被害者と加害者がつながるには…

被害者の痛みと加害者の痛みの一番の違いは、痛みを導いた出来事をどのように自他に帰属するかにある。

加害者の方は、自分にしかその出来事を帰属せず、その出来事を「起きてはならなかった、これからは誰にとっても起こらないことを心底願う」と切実に感じる。

被害者の方は、痛みを導いた出来事を自分か相手に帰属する。相手に帰属する場合、相手を怒りの感情をもって責めるだろう(遠心的)。自分に帰属する場合、それはかわいそうな自分への同情となる(求心的)。後者については、誰も痛みを分かってくれないと思うが故に誰かから与えられることを望む(マゾヒズム)。

加害者と被害者が再びつながりうる方法とは何か。

加害者の「痛み」それ自体と「未来への望み」を、被害者が同様に分有することによって。

被害者からのアプローチがあり得るだろう。被害者には、加害者ばかり責めるのをやめさせ、自分ばかり同情してひいては自分を責めることに快楽を覚えるのをやめさせ、加害者や社会への想像力を与えなければならない。それは被害者にとって、心の奥底に響く「痛み」にならなければならない。

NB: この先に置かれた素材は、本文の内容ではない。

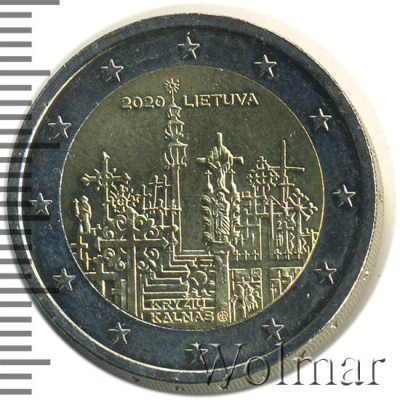 Литва 2 евро, 2020 (2 евро. Литва 2020г. Bm.)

痛みは、身体の動きによる身体の記憶の痕跡から生じる。そして、動かないことからも痛みは生じる。動かなくても動いても痛みやってくる。
ただ、その痕跡から「後悔し続ける関係性」を反復し続けるのか、「希望のある関係性」を生成し続けるのかによって、痛みの形は変わる。

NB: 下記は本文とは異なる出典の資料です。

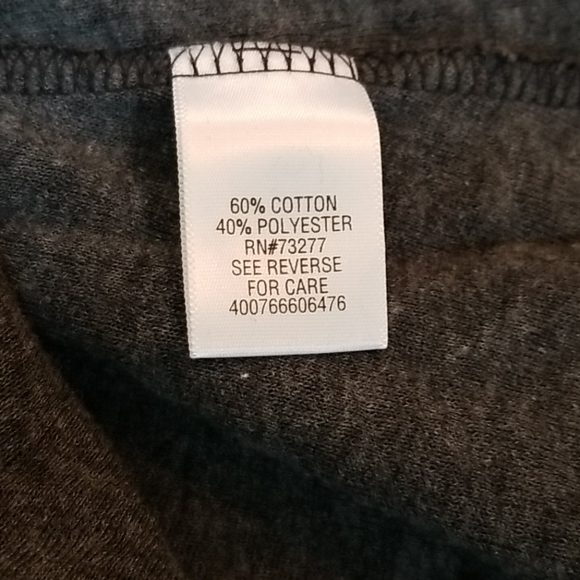 Croft & Barrow gray and black zip chevron sweater - Picture 8 of 10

互いの身体がぶつかり合って生じた互いの傷の痕跡。この痕跡(痛みを導いた出来事)を通して、被害者と加害者がお互いにどのような関係性を築いていくのか。

痛みは、個々のものであると同時に、「私」の境界を揺るがすものでもある。すなわち、被害者が新しい「痛み」を感じること、彼らが出会った痕跡に新しい傷をつけること、そうしてお互いに、自分の自己の「私」を「許せる」こと、ここに、彼らがつながる極限がある。